Furthermore, the fact that this is the English Wikipedia does not mean anything - to quote from Wikipedia:POV, "Also be careful to avoid an English-speaking Point Of View. Although country-specific and similar POVs are often easy to spot, this can be harder to spot." As said above already, "Rudolf Heß" *is* the correct spelling, so this is what should be used for the article. -- Schnee 13:16, 27 Dec 2003 (UTC)
You make a good point. Here's what I propose - let's copy the above discussion to the Wikipedia:Village pump as a request for comments and see what everyone says. That way, should another issue like this come up again, the community can enfore uniformity. --Raul654 19:48, 27 Dec 2003 (UTC)
Good idea.

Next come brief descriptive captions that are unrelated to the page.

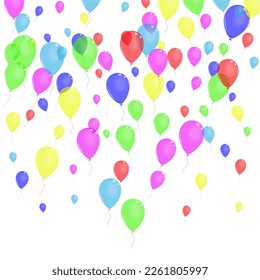 Red Ballon Background White Vector. Helium Happy Background. Purple Birthday. Multicolor Baloon. Air Ribbon Set.
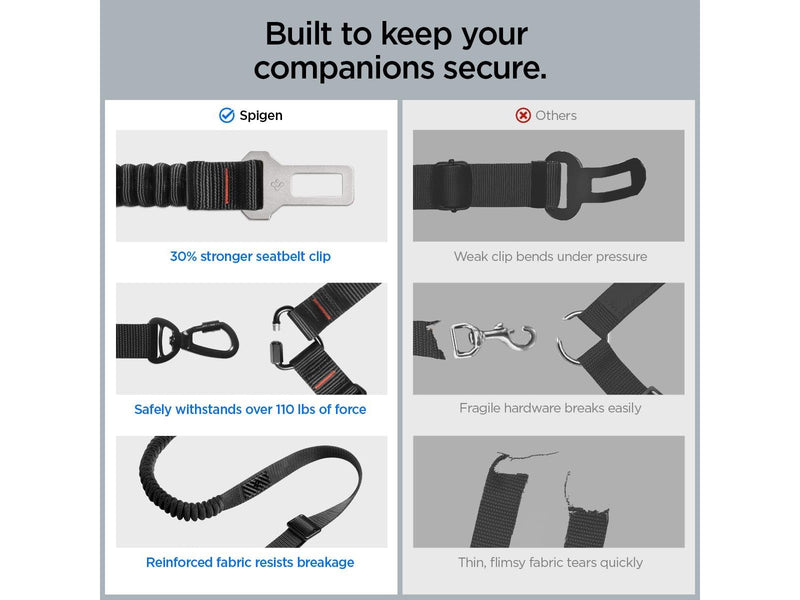 Spigen Universal Car Seat Belt Holder For Pet PS100 - black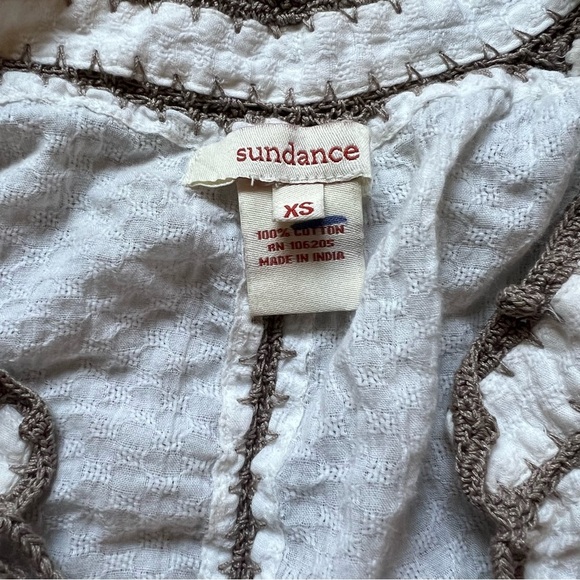 Sundance Peasant Top Embroidered|tunic cream Ivory| boho Sz XS oversized - Picture 8 of 14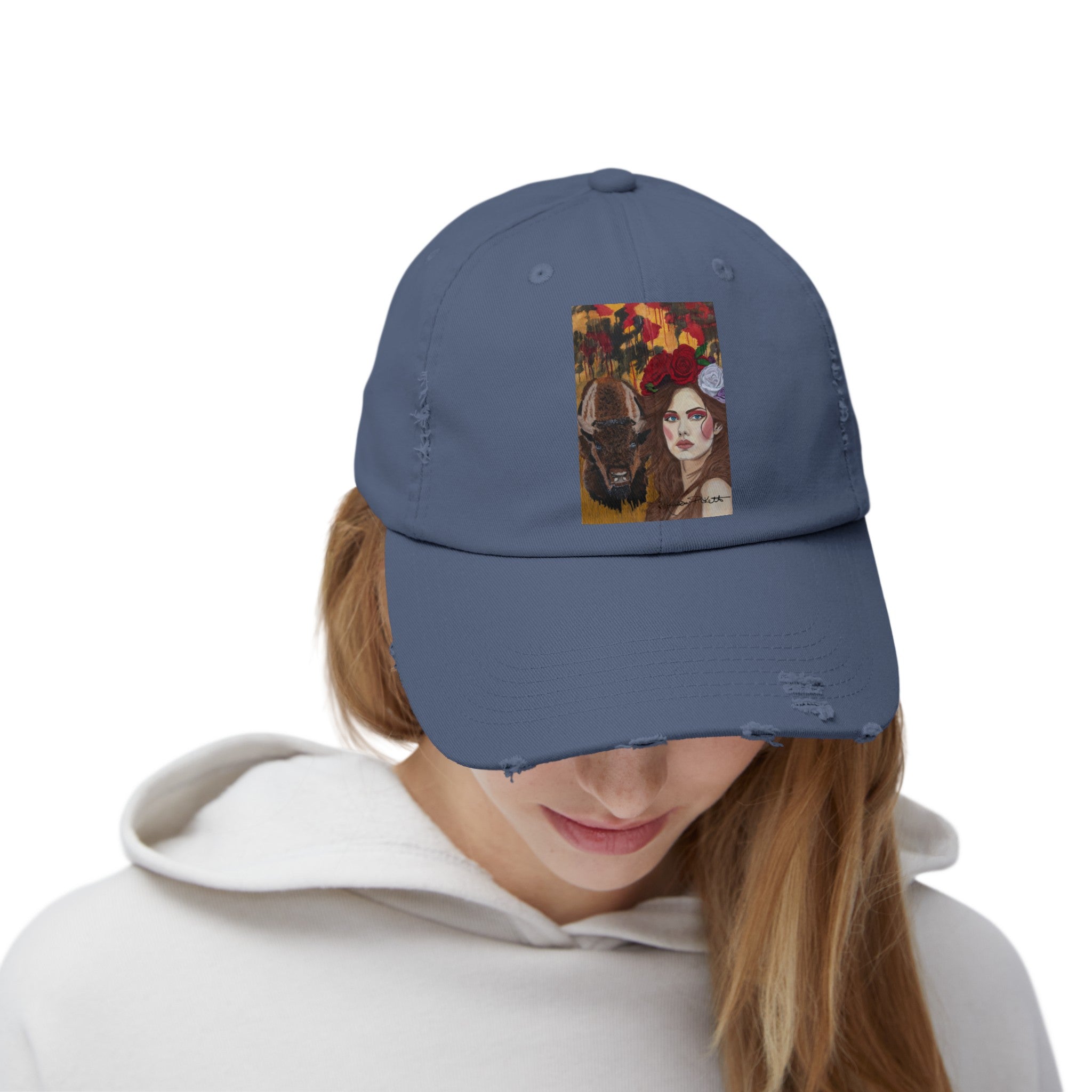 Woman & Bison | Unisex Distressed Cap
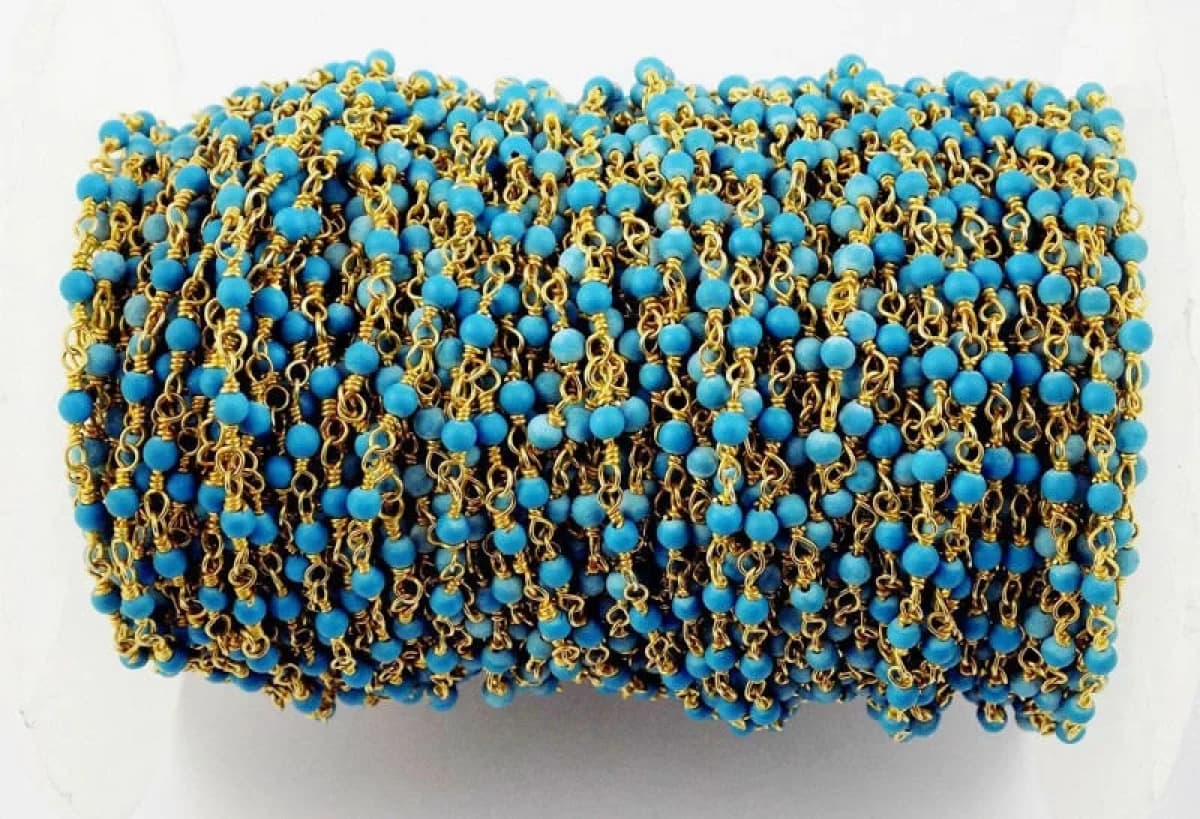 Turquoise Smooth Gemstone Rosary Chain 24k Gold plated 3mm Beads
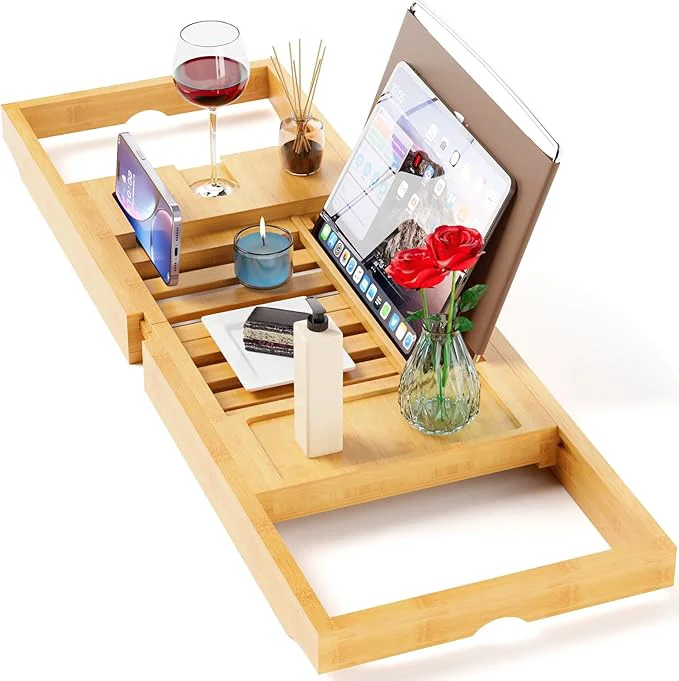 Unique Yirilan Bathtub Trays for Tub Bath Tray Foldable Bathtub Caddy Convenient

Let's do that. -- Schnee 21:36, 27 Dec 2003 (UTC)

Does anyone know why has its database locked and when it will be unlocked? Maximus Rex 08:58, 31 Dec 2003 (UTC)

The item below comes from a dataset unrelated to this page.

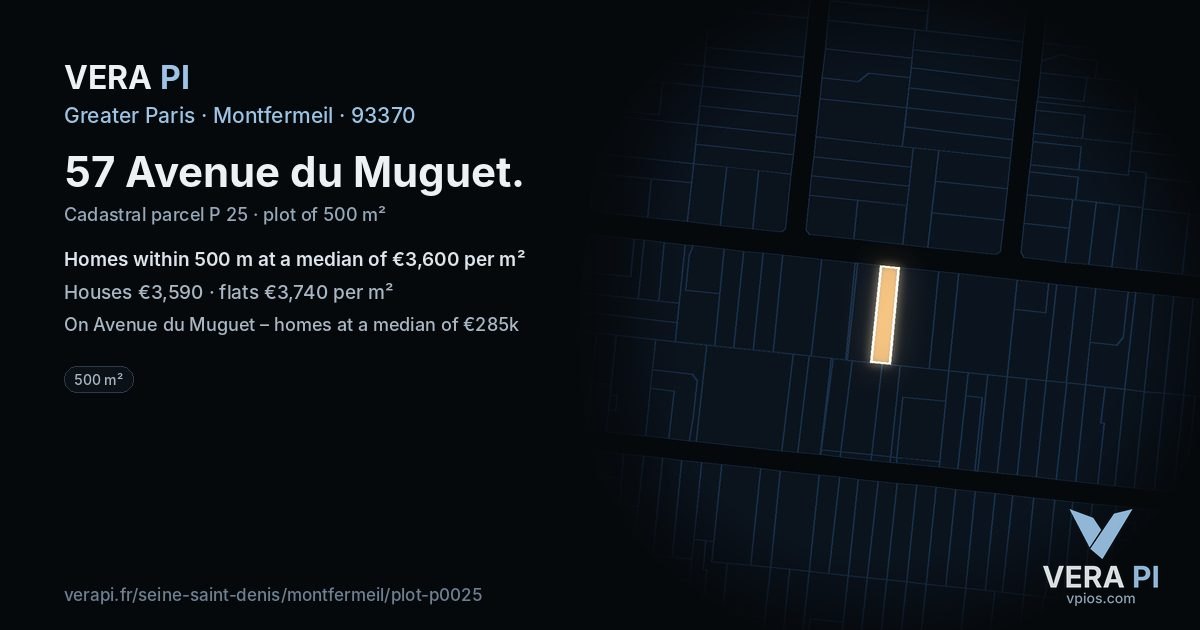 57 Avenue du Muguet, Montfermeil at night – the plot lit, the parcels around coloured by the prices near them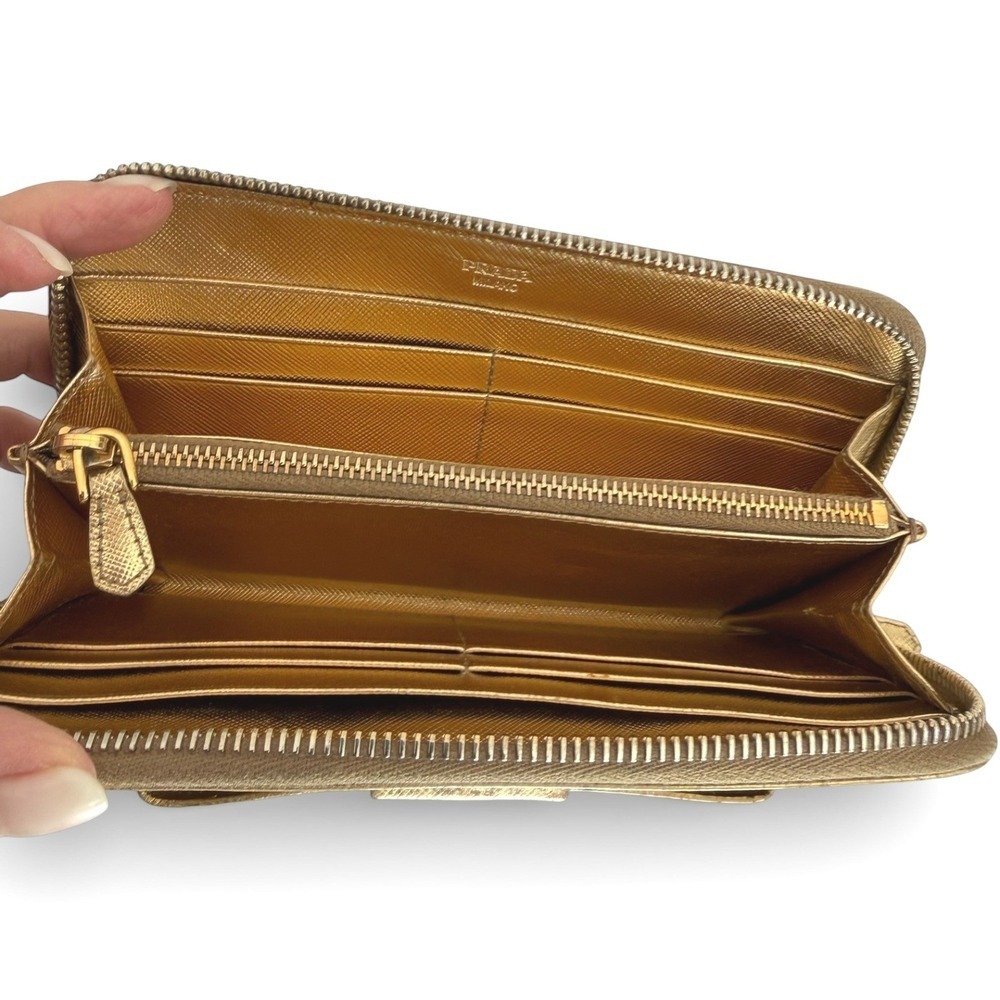 Prada Milano Metallic Gold Saffiano Zip Around Continental Wallet Leather - Picture 7 of 10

Everything except en is locked at the moment. See the Wikipedia status page at OpenFacts for further updates. Brion's latest e-mail to the mailing list said "New machine is no longer responding to ssh." Angela. 09:12, 31 Dec 2003 (UTC)
They were left locked by accident after switching servers and nobody spoke up. Should be fixed now. --Brion 09:23, 31 Dec 2003 (UTC)

format for quotes

I was taught that punctuation goes before the end quote, but I have seen countless times on wikipedia the punctuation going after the end quote. Was I taught incorrectly? Or have times changed?

the so called "Zagreb Bible," which
the so called "Zagreb Bible", which
the inscription read "Manchu State Postal Administration;"
the inscription read "Manchu State Postal Administration";
SMOP is an acronym for "Small Matter of Programming". 
SMOP is an acronym for "Small Matter of Programming."

Kingturtle 05:27, 31 Dec 2003 (UTC)

I think in the US it's "blah," and in some other countries it's "blah",
I prefer the latter but use the former to be more consistent with most editors in en. Dori | Talk 05:32, Dec 31, 2003 (UTC)
Kingturtle is correct - gramatically (in the US, at least), it's preferred that the puncutation goes before the quotation mark. As a computer engineer, I cringe every time I have to write it that way. --Raul654 07:17, 31 Dec 2003 (UTC)
I think "blah," is the older and more pleasing usage, though this is only an approximation of the real typesetting solution which is to place the quotes further to the left so they're partially above the comma. In recent years, especially outside the US, the form "blah", has become more common as it's clearer from a parsing point of view, since it clearly shows whether the punctuation is part of the quote or not. I think either one is acceptable on Wikipedia, and would discourage changing one to the other. --Delirium 08:22, Dec 31, 2003 (UTC)
For me the crucial factor is whether we are talking about speech or phrase/referred word.
So-and-so said: "I think I will do this-and-that," and went on to do so.
Or the other variety of "quote", where one is just putting "quotes" around a word or phrase. -- Jussi-Ville Heiskanen 09:38, Dec 31, 2003 (UTC)
IMO, it doesn't matter whether the punctuation is inside or outside the quotes except in cases where the "quoted" material is supposed to be exact or verbatim. E.g., "On the C prompt type ‘dir’, then press ENTER, and then you'll see a list of the files in the current directory."